Scraped caption text data
.....

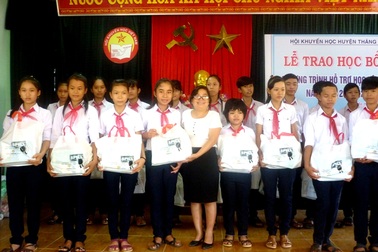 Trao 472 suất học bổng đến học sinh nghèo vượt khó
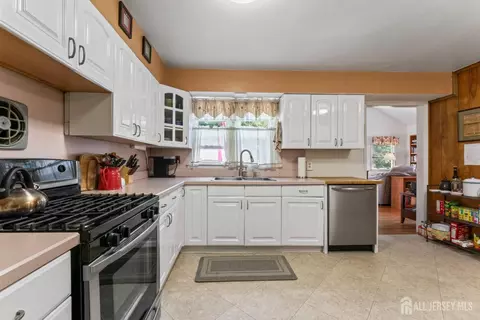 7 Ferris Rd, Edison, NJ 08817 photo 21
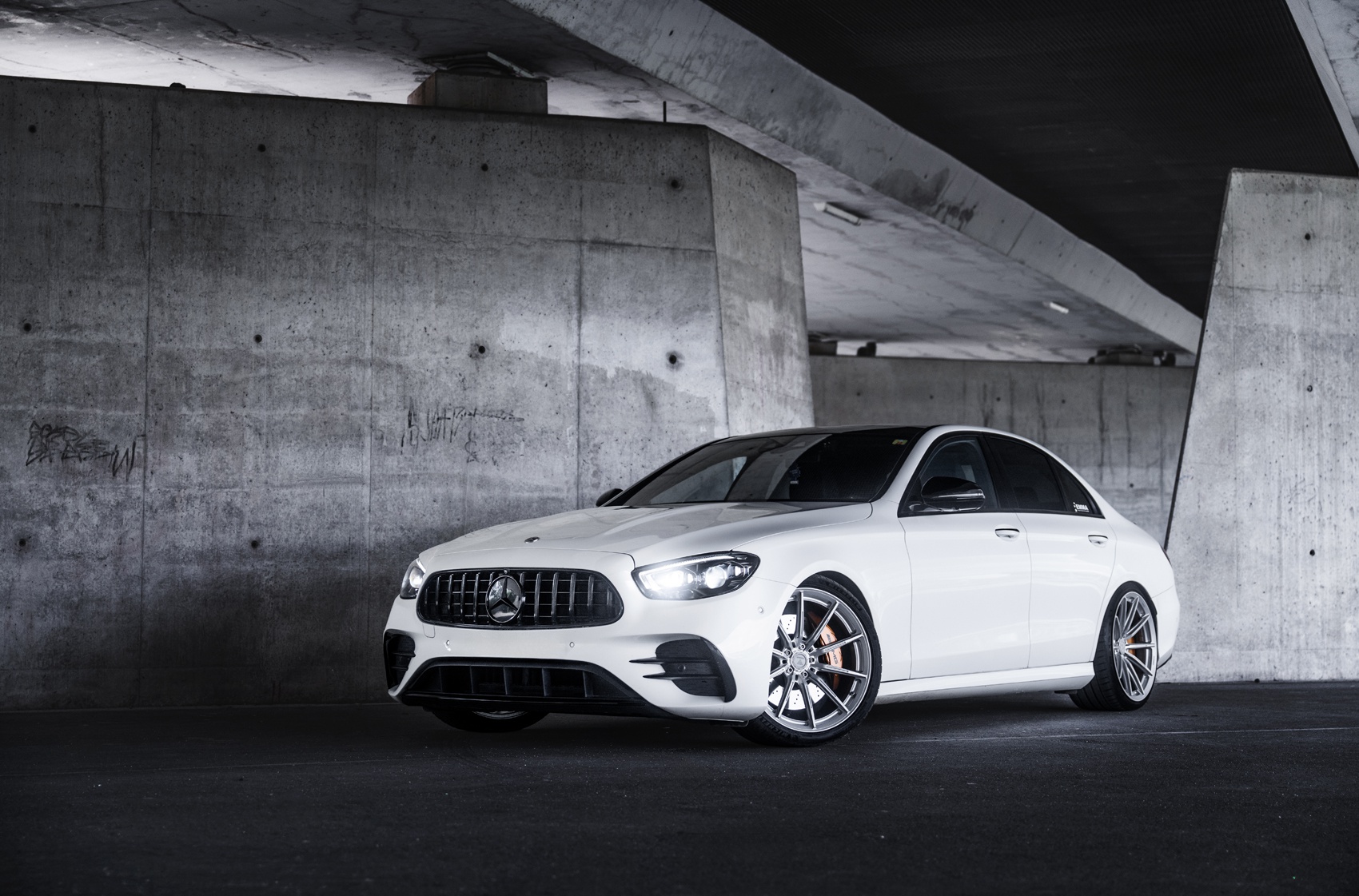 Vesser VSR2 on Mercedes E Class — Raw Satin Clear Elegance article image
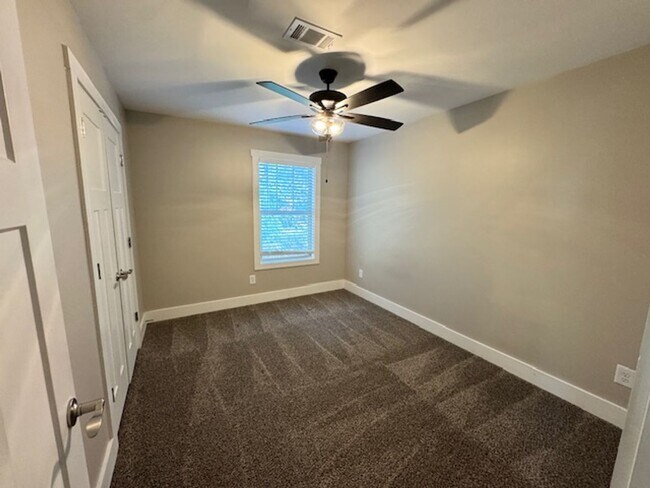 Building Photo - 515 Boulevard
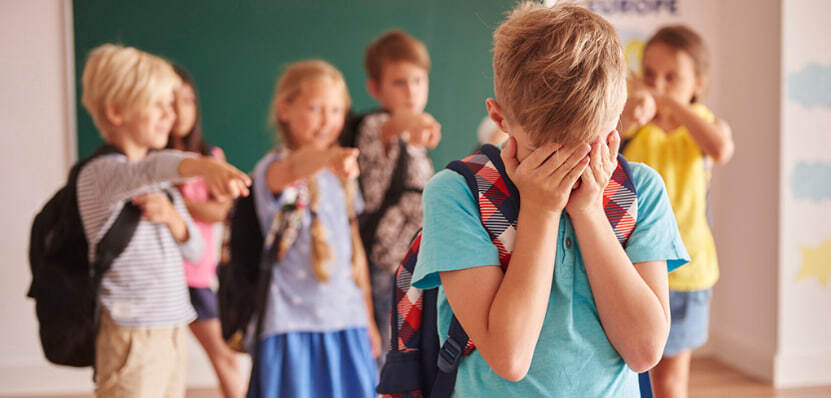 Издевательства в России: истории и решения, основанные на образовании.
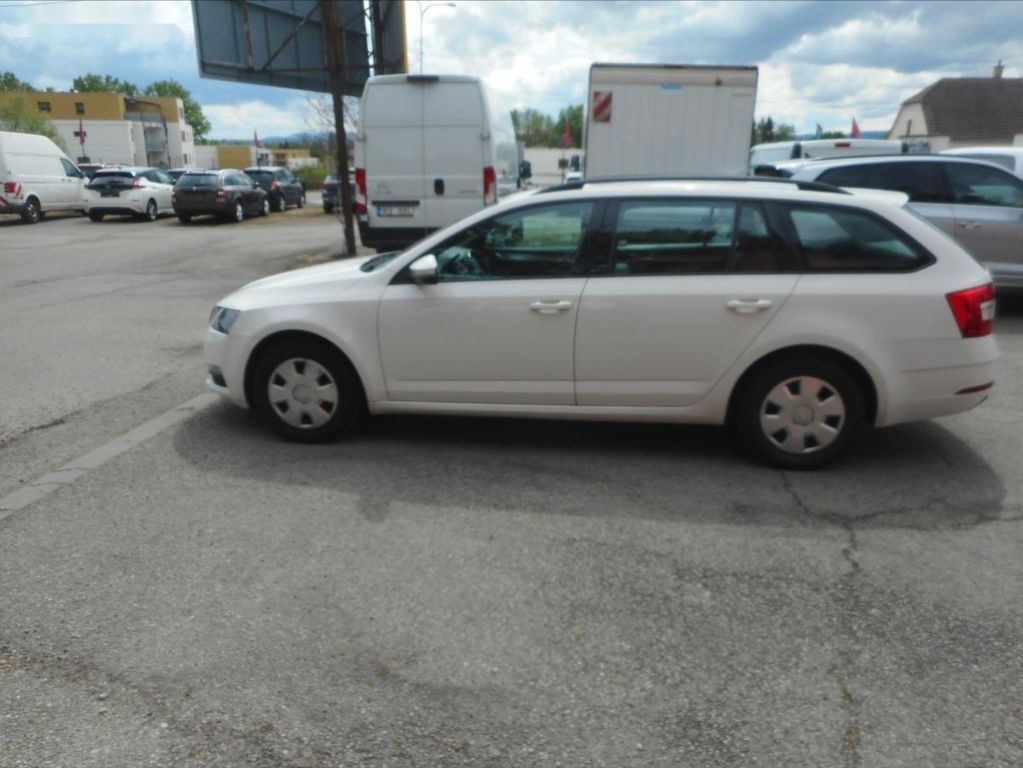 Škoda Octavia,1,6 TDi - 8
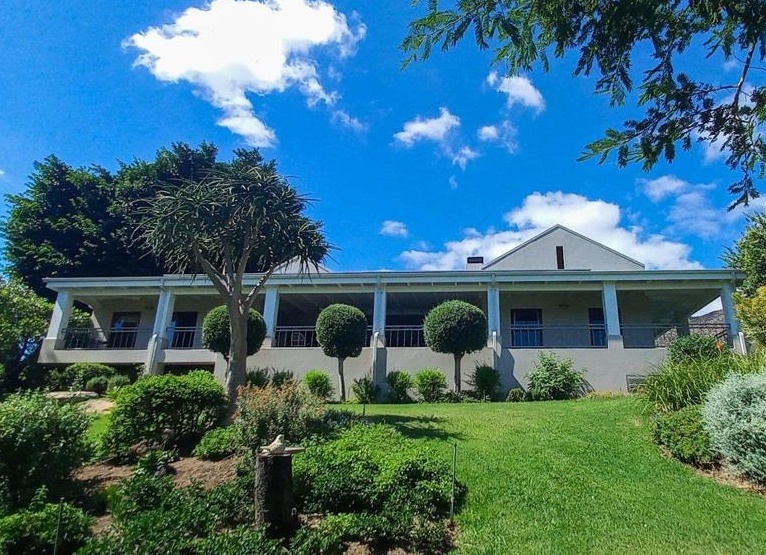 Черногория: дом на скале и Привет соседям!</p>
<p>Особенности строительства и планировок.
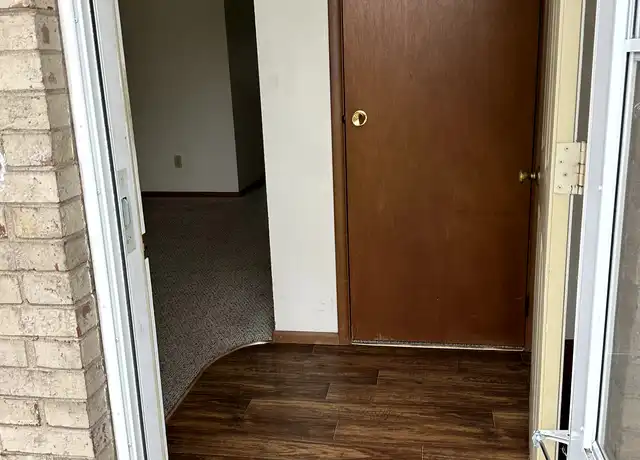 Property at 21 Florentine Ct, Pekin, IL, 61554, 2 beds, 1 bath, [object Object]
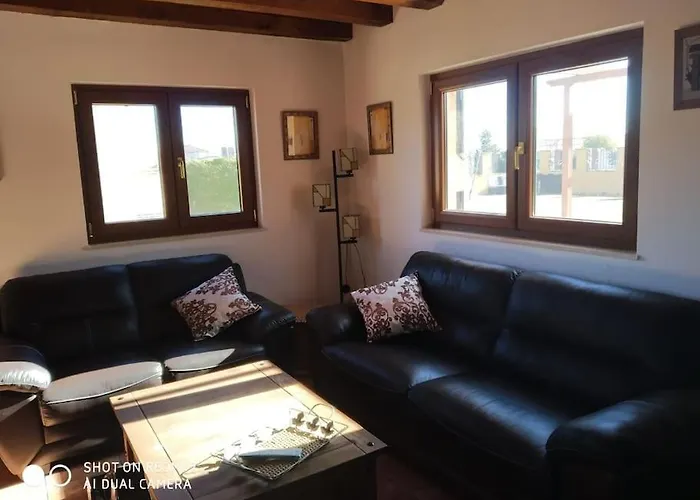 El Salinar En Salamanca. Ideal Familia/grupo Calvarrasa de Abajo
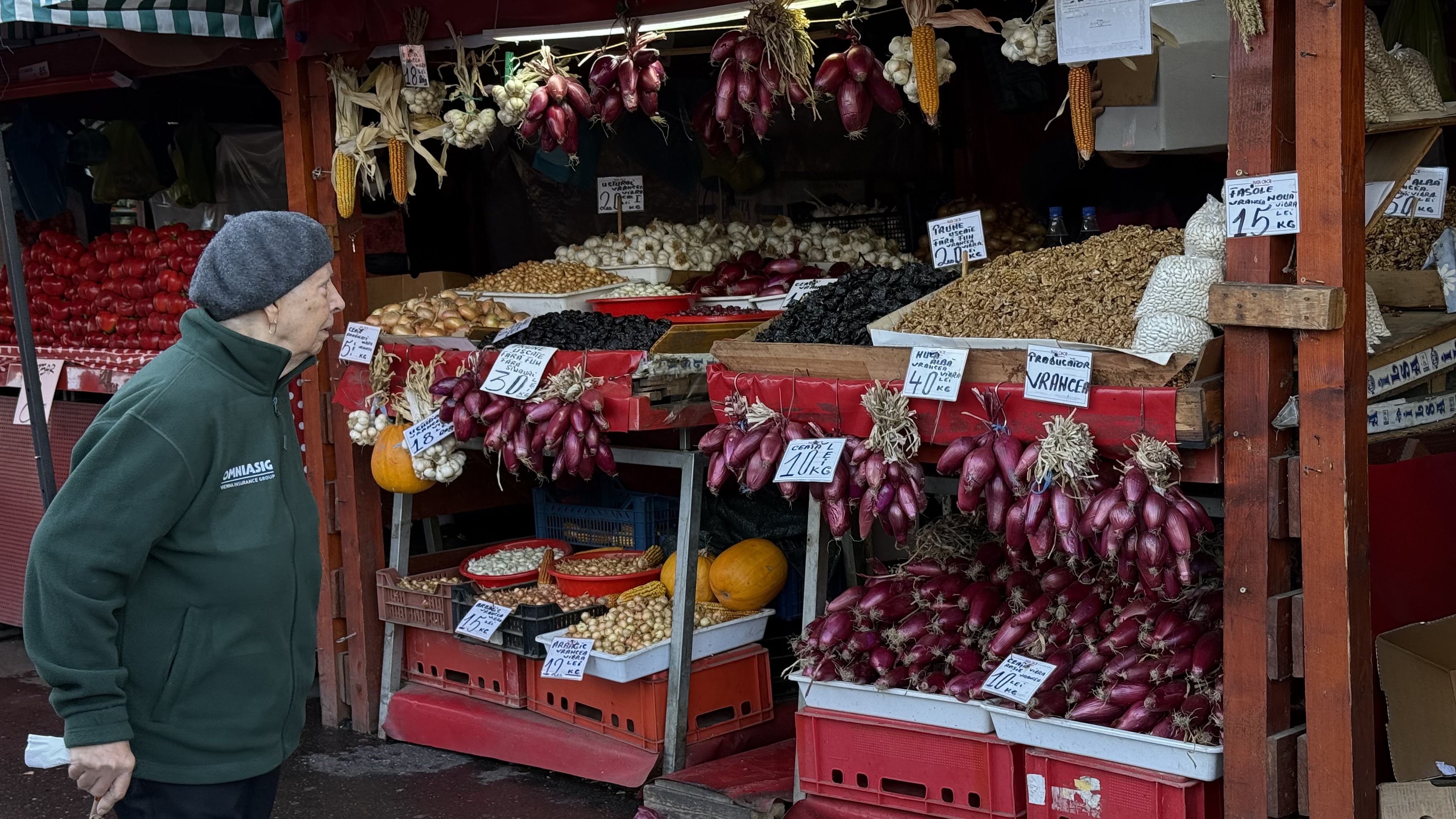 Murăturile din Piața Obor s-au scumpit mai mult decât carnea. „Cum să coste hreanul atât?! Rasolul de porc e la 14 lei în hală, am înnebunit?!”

.....

From the line with "Škoda Octavia,1,6 TDi - 8" down to the final line of the entries above, repeat each line exactly; omit the pictures.

 Škoda Octavia,1,6 TDi - 8
 Черногория: дом на скале и Привет соседям!</p>
<p>Особенности строительства и планировок.
 Property at 21 Florentine Ct, Pekin, IL, 61554, 2 beds, 1 bath, [object Object]
 El Salinar En Salamanca. Ideal Familia/grupo Calvarrasa de Abajo
 Murăturile din Piața Obor s-au scumpit mai mult decât carnea. „Cum să coste hreanul atât?! Rasolul de porc e la 14 lei în hală, am înnebunit?!”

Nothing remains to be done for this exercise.